I put together three 4" x 8" (inside measurements) presses for under $30. Not as fancy, but I can add the support later if I want to. Home Depot has 24 inch long, 5 inch outside diameter PVC pipe, and 24 inch long, 4" OD PVC, and end-caps for the 4" PVC. Cut the 2 pieces of PVC into 8" lengths, sand down the edges, put the end-caps on the 4" pieces, and you have 3 presses. I use a gallon milk jug with water in it for a weight, and put the press on an upside down dish so the whey flows away from the cheese. The press either has to be in a place no one will bump it, or it needs to be supported. I put it in one of the tall pots, so if it leans, it won't fall over. If you're going to do 5 all at once, it would be easy to use a bungee cord and strap them all together. They would keep each other from falling over.

If those dimensions aren't right for you, check out a pipe company for larger diameter pipe. If you can't find an end-cap that fits perfectly, you can cut a follower out of a cutting board and skip the end-cap, but then I would have had to cut an accurate circle! I liked the end-cap!
Kit


----------



## robinthegeek (Nov 18, 2004)

I came across this link with a photo. It's basically a very simple cheese press, but they've stacked the cheese molds in it, pressing several cheeses at the same time. Maybe something like this would work for you?

http://www.cheeselinks.com.au/cheesepress.html


----------



## steff bugielski (Nov 10, 2003)

That one is very interesting but I forgot to mention the inspector wants no wood.
Has anyone made an "off the wall" press with stainless steel pipe instead of wood?


----------



## Callieslamb (Feb 27, 2007)

Hoegger goat supply http://hoeggergoatsupply.com/xcart/home.php?cat=35
Has a 2-size stainless steel press for $100. It is made the same as the PVC-styled one.

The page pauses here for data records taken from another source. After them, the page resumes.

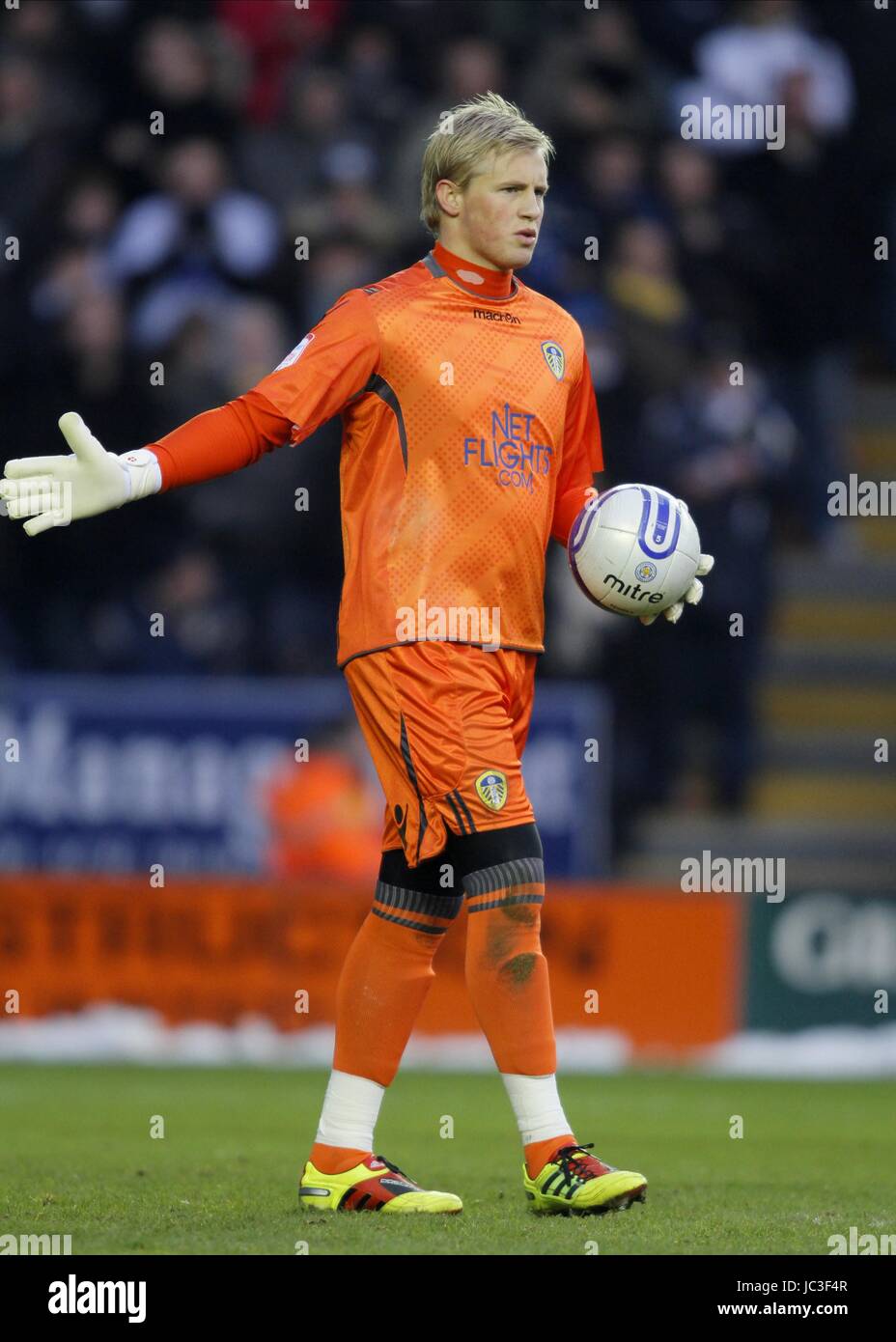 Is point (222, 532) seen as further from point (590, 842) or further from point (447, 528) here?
point (447, 528)

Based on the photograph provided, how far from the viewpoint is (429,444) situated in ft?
16.6

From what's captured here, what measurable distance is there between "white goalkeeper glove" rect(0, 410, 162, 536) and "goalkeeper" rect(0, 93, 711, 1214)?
0.11 ft


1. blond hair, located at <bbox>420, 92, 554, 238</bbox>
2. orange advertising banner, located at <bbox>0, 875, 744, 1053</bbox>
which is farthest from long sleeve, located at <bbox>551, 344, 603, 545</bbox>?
orange advertising banner, located at <bbox>0, 875, 744, 1053</bbox>

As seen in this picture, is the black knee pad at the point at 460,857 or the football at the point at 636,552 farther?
the football at the point at 636,552

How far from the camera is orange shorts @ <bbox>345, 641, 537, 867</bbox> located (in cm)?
A: 490

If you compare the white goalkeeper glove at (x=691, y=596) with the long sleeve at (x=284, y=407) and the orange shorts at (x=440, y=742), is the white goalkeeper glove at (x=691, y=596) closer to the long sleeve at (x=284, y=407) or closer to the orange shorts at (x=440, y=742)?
the orange shorts at (x=440, y=742)

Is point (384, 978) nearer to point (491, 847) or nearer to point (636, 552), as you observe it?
point (491, 847)

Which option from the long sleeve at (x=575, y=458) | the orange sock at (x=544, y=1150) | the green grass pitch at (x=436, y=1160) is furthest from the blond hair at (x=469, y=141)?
the green grass pitch at (x=436, y=1160)

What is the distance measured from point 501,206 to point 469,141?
161mm

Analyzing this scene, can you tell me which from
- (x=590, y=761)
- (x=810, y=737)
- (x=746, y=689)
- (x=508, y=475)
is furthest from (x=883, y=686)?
(x=508, y=475)

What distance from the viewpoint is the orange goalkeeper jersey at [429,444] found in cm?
498

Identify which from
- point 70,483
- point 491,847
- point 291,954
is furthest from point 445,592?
point 291,954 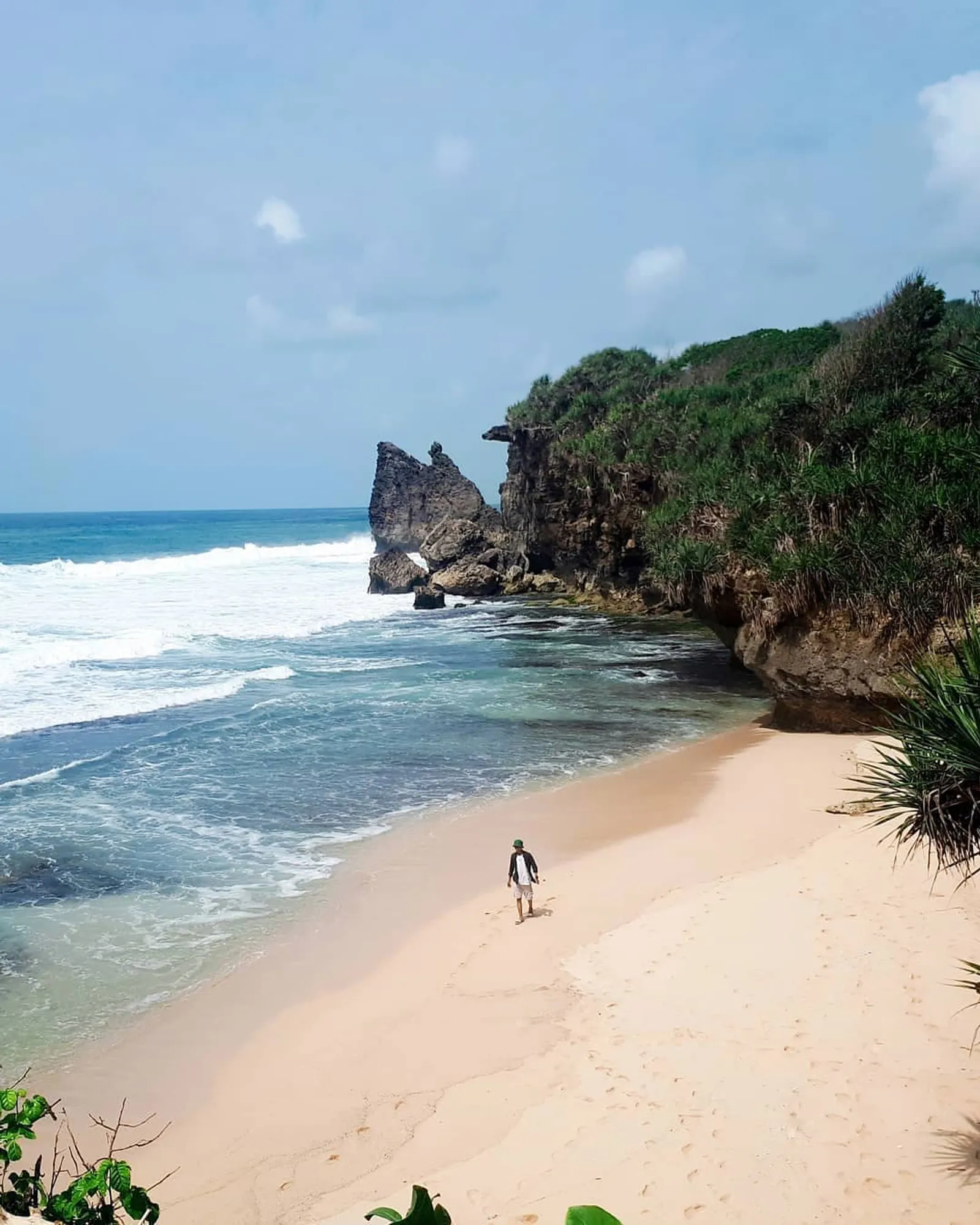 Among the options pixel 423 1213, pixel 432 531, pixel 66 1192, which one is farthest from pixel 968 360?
pixel 432 531

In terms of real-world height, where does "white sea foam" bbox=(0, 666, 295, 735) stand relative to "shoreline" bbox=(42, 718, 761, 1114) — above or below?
above

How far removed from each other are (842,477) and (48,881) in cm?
1653

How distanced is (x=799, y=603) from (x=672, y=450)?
1859cm

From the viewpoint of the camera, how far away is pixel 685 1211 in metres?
6.03

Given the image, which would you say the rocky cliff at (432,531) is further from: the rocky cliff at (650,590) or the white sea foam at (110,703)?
the white sea foam at (110,703)

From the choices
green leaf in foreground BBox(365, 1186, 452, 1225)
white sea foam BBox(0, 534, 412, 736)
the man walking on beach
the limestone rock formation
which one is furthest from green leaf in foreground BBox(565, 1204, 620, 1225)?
the limestone rock formation

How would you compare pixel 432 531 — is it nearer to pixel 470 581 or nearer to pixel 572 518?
pixel 470 581

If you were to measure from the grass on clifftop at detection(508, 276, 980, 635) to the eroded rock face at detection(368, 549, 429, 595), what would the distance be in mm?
16323

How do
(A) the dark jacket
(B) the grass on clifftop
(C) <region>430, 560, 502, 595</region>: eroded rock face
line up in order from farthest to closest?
(C) <region>430, 560, 502, 595</region>: eroded rock face < (B) the grass on clifftop < (A) the dark jacket

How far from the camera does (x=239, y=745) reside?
2016 cm

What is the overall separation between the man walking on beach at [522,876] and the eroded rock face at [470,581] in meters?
37.8

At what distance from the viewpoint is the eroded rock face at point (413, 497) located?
238ft

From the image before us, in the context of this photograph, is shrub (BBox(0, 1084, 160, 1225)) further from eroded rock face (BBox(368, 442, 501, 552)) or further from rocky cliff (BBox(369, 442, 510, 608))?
eroded rock face (BBox(368, 442, 501, 552))

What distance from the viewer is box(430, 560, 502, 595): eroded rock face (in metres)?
49.5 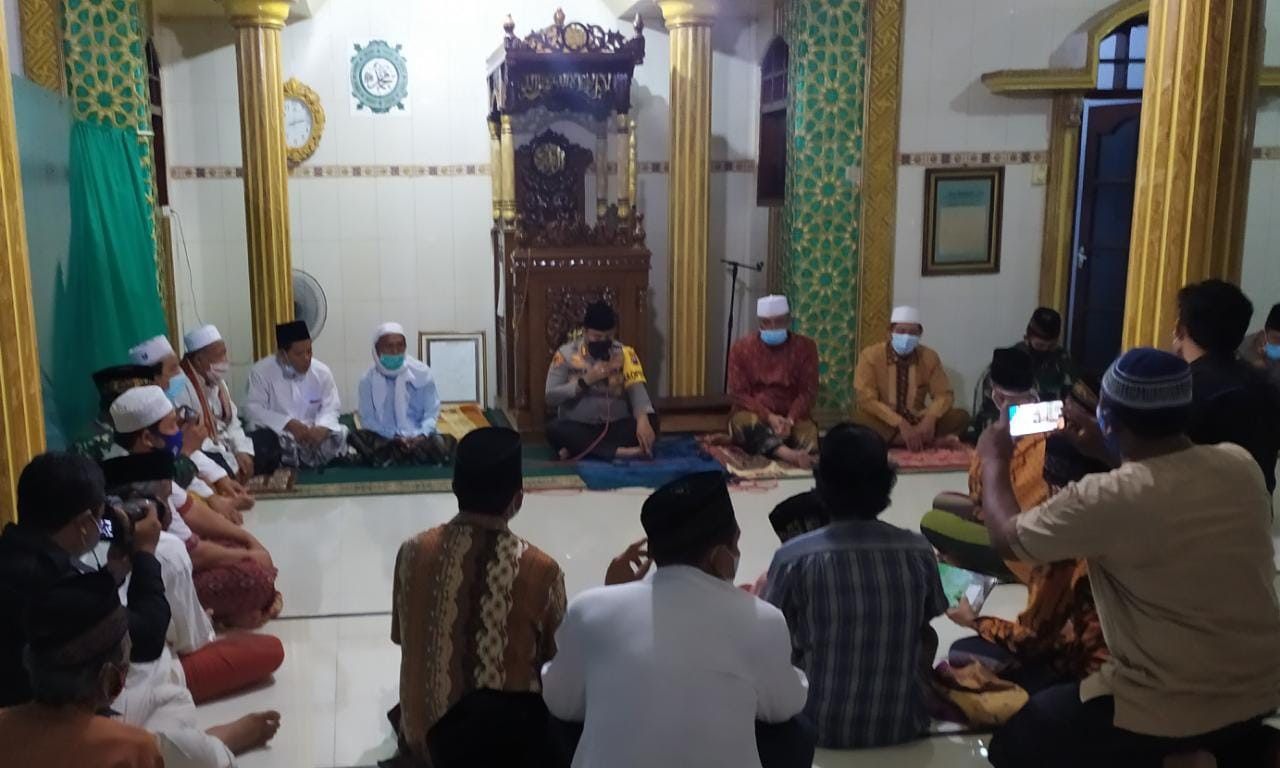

Do you have to have stainless? Can you use plastics?


----------



## woodsman (Dec 8, 2008)

I made my presses with 4 and 6" pvc pipe and 3/8" thick plastic cutting boards.
I even routed followers from the same material.


----------



## suzyhomemaker09 (Sep 24, 2004)

PVC isn't considered to be a good choice for making molds as it is suspected of leeching chemicals on contact. PLastic molds are made of food grade polypropylene , stainless is best of course. 
But the discussion was on presses..not molds and followers. 
Have you looked at the pictures of Emily's cheese making operation? lots of stainless molds held together and under pressure from something very similar to a car jack.


----------



## steff bugielski (Nov 10, 2003)

Emily as in Ozark Jewels?


----------



## steff bugielski (Nov 10, 2003)

She has way bigger of an operation than I plan. I would be doing 10 gallons of any one cheese at a time. But thanks.
We think we will try the off the wall press out of PVC. With the followers and moulds being stainless.
http://www.cheesemaking.com/store/p/50-Off-the-Wall-Press-Plans.html


----------



## suzyhomemaker09 (Sep 24, 2004)

Curious as to what part you are planning to use pvc for...I'd imagine that it'd break or bend under the pressure if you are hanging the weights off it. The plan you linked uses a hardwood for the lever.
Yes...Emily's operation is rather large...I was thinking that something along those lines could be made to suit you. I see things like this being sold 

http://www.ullmers-dairyequipment.com/cheesemolds.htm

Some of the larger ones are of course larger than you are going for...but maybe some of the smaller ones would work.


----------